GO/KEGG Enrichment
WarnAudited by ClawScan on May 10, 2026.
Overview
The skill mostly matches its GO/KEGG enrichment purpose, but its script contains unsafe dynamic code execution and its online API behavior should be reviewed before use.
Review or patch scripts/main.py before running it, especially the eval() usage. If your gene list is sensitive, avoid online enrichment modes unless you are comfortable sending that data to the external provider. Prefer a controlled environment with pinned dependency versions.
Findings (4)
Artifact-based informational review of SKILL.md, metadata, install specs, static scan signals, and capability signals. ClawScan does not execute the skill or run runtime probes.
A crafted analysis result or upstream data value could potentially cause the script to run unintended Python code on the user’s machine.
The script dynamically evaluates string content instead of safely parsing numeric ratios, creating a code-execution risk if untrusted or malformed result data reaches this code path.
lambda x: eval(x) if '/' in str(x) else float(x)
Replace eval() with safe parsing, such as splitting numerator and denominator on '/', validating both as numbers, and dividing them explicitly.
Gene lists from unpublished research or clinical contexts may leave the local machine when online APIs are used.
The tool supports an online enrichment mode, which may send user-provided gene lists to an external provider.
help="Use Enrichr API instead of local gseapy (faster, no download needed)"
Use local analysis for sensitive gene lists, or clearly confirm with the user before using Enrichr/KEGG online services.
Users may misunderstand whether their gene data is processed locally or shared with external enrichment services.
The documentation contains conflicting network-risk messaging: it describes API access elsewhere but the risk table says there are no external API calls.

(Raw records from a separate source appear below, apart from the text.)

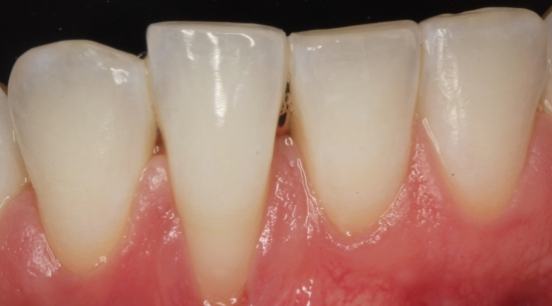 Before picture of unusually long tooth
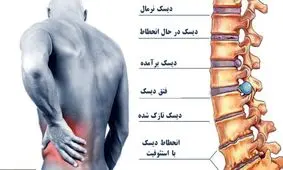 درمان کمر درد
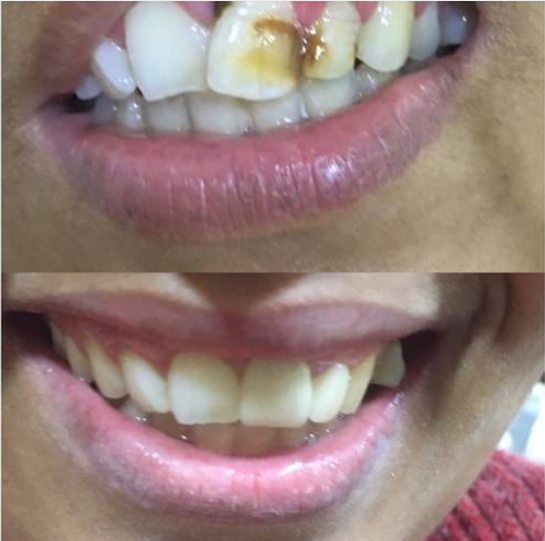 Before and after: Cosmetic bonding at Dentcraft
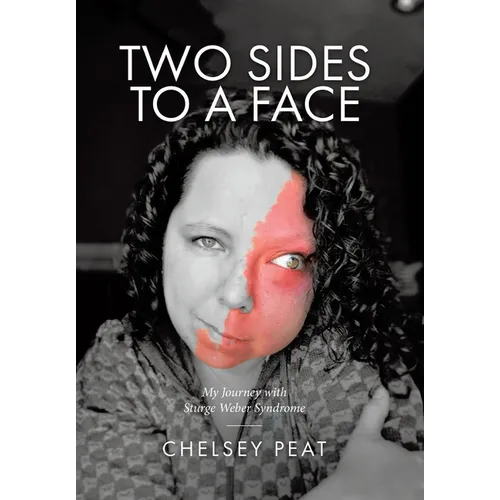 Two Sides to a Face: My Journey with Sturge Weber Syndrome
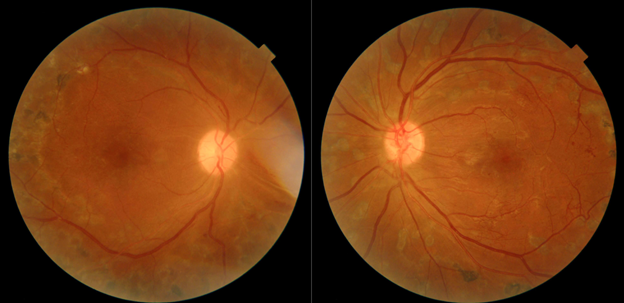 Color fundus photograph at follow-up post-PRP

This skill requires: ... KEGG REST API access ... | Network Access | No external API calls |
Clarify the documentation so it states exactly which modes contact KEGG, Enrichr, or other external services and what data is sent.
The skill’s behavior may change depending on which dependency versions are installed later.
Dependencies are specified with lower bounds rather than exact pinned versions, so future installs may pull different package versions.
pandas>=1.3.0 numpy>=1.20.0 gseapy>=1.0.0 matplotlib>=3.5.0
Pin dependency versions or provide a lockfile for reproducible installs, especially for workflows that run code locally.